Radiation Pressure

Electromagnetic waves transport energy. To remind ourselves of that fact, all we have to do is to go to the beach on a sunny day and stay there for a while without sunscreen. The warmth that we feel on our skin (and the sunburn ...) is, as everybody knows, due to the sunlight. And the sunlight is nothing but electromagnetic waves. Thus electromagnetic waves transport (= radiate) energy from the surface of the Sun to the surface of Earth.

But with the energy that electromagnetic waves carry, there also is momentum. Maxwell showed that if electromagnetic radiation falls on an object during a time interval $\Delta$t, and if the energy absorbed by the object from the electromagnetic radiation is U, then the magnitude of the momentum delivered to the object is

\[ \rm \mathbf{p = \frac{U}{c}} \] (for total absorption of U)

If the electromagnetic wave is totally reflected by the object, then the momentum delivered to the object is

\[ \rm \mathbf{p = \frac{2U}{c}} \] (for total reflection of U)

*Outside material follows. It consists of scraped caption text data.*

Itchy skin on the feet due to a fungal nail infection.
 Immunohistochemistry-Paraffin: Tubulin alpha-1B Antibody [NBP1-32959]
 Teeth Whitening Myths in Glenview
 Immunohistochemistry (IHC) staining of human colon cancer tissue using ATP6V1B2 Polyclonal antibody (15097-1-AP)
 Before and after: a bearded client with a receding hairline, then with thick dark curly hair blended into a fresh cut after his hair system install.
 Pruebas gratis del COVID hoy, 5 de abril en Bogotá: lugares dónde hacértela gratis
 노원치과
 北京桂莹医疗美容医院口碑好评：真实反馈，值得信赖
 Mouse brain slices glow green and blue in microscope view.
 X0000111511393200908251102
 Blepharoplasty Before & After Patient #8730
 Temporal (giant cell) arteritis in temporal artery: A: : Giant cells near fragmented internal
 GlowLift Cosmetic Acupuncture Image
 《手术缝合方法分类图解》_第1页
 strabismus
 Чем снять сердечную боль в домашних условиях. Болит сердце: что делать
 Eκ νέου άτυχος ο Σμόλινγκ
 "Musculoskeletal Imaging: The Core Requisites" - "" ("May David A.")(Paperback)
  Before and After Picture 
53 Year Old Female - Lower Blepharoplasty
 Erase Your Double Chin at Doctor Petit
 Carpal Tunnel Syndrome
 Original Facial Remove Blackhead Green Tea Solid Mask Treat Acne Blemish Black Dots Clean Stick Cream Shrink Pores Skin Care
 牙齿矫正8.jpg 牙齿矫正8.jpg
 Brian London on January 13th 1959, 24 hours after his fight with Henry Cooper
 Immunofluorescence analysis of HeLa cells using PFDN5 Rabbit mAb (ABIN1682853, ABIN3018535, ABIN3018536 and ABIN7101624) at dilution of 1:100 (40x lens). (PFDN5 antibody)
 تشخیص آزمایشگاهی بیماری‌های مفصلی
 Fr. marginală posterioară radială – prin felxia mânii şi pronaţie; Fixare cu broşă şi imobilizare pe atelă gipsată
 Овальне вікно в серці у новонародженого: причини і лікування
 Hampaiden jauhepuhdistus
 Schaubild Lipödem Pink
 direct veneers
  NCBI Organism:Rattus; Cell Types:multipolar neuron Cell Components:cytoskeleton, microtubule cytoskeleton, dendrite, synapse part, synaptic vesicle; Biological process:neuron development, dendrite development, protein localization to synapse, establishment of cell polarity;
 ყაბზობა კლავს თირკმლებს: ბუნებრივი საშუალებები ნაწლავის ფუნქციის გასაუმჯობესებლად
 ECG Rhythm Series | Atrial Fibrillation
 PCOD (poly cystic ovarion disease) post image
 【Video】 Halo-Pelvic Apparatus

The reason that the momentum is a factor of two bigger in the second case is that the object needs to reverse the momentum of the incoming radiation and thus receives a bigger recoil.

The momentum change of the object means that a force is exerted on it. The force divided by the surface area exposed to the radiation then gives us the pressure.

In carefully controlled experiments, this radiation pressure can be measured, in particular if one uses laser light as the electromagnetic radiation.

Radiation pressure can also be seen in the tails of comets. Due to the radiation pressure the comets' tails always point away from the sun.